As Vision Language Models (VLMs) become embedded in how we process and interpret data, we face a critical challenge: these models often provide answers without evidence and support users without building their skills. To create a trustworthy future for AI, we must move toward explainable systems that foster human autonomy. In this talk, I will present two recent works addressing these pillars. First, I will introduce
RADAR, a reasoning-guided attribution framework that transforms VLMs into transparent analysts. While standard models often hallucinate justifications for complex data, RADAR enables them to attribute reasoning steps to specific visual regions in charts and graphs, improving attribution accuracy by 15% and allowing users to verify logic through precise visual grounding. Second, using a month-long longitudinal study, I will explore the cognitive "

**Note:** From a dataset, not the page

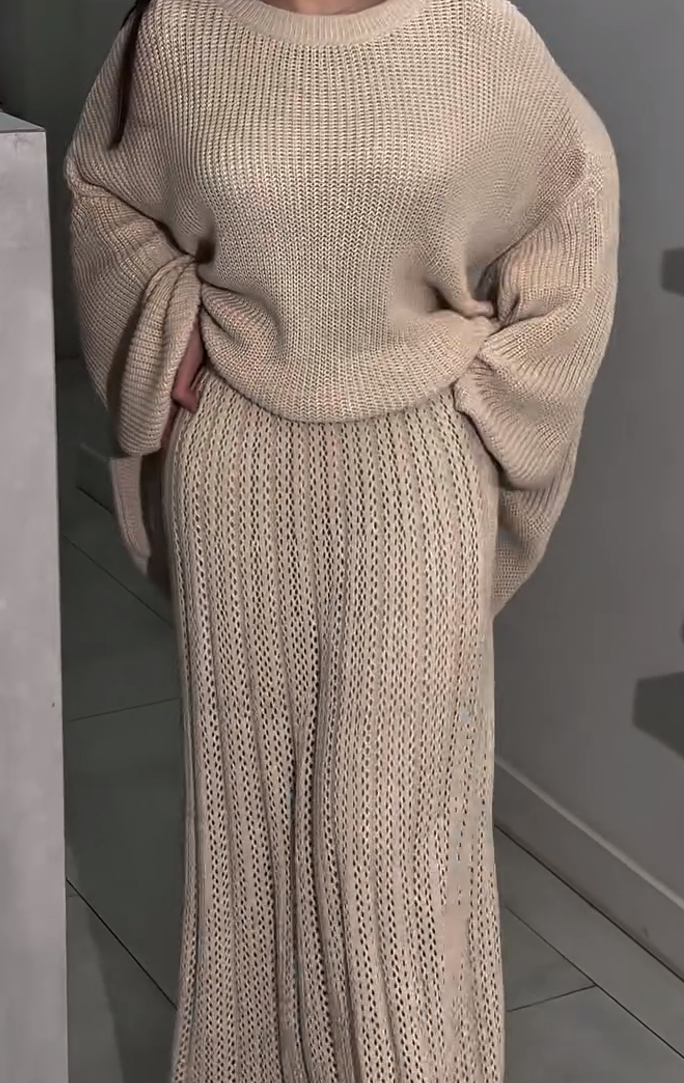 Two-piece set of pullover knit dress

Dependency Paradox"—while AI interaction boosts immediate accuracy in misinformation tasks by 21%, a user's independent ability to discern truth declines by 15.3% over time. The path forward isn't just better models—it's designing AI that makes humans better.
Anku Rani is a doctoral researcher at the Massachusetts Institute of Technology, investigating machine learning models for video generation along with projects at the intersection of natural language processing and human-computer interaction. Her research spans multimodality, mathematical reasoning, attribution, and fact verification, with work published in leading AI conferences. Prior to MIT, Anku conducted research at Adobe Research and the University of South Carolina's Artificial Intelligence Institute. Anku actively contributes to the academic community through conference reviews, workshop organization, and program committee service. She holds postgraduate degrees in AI and ML and brings over 5 years of industrial and startup experience to her doctoral research.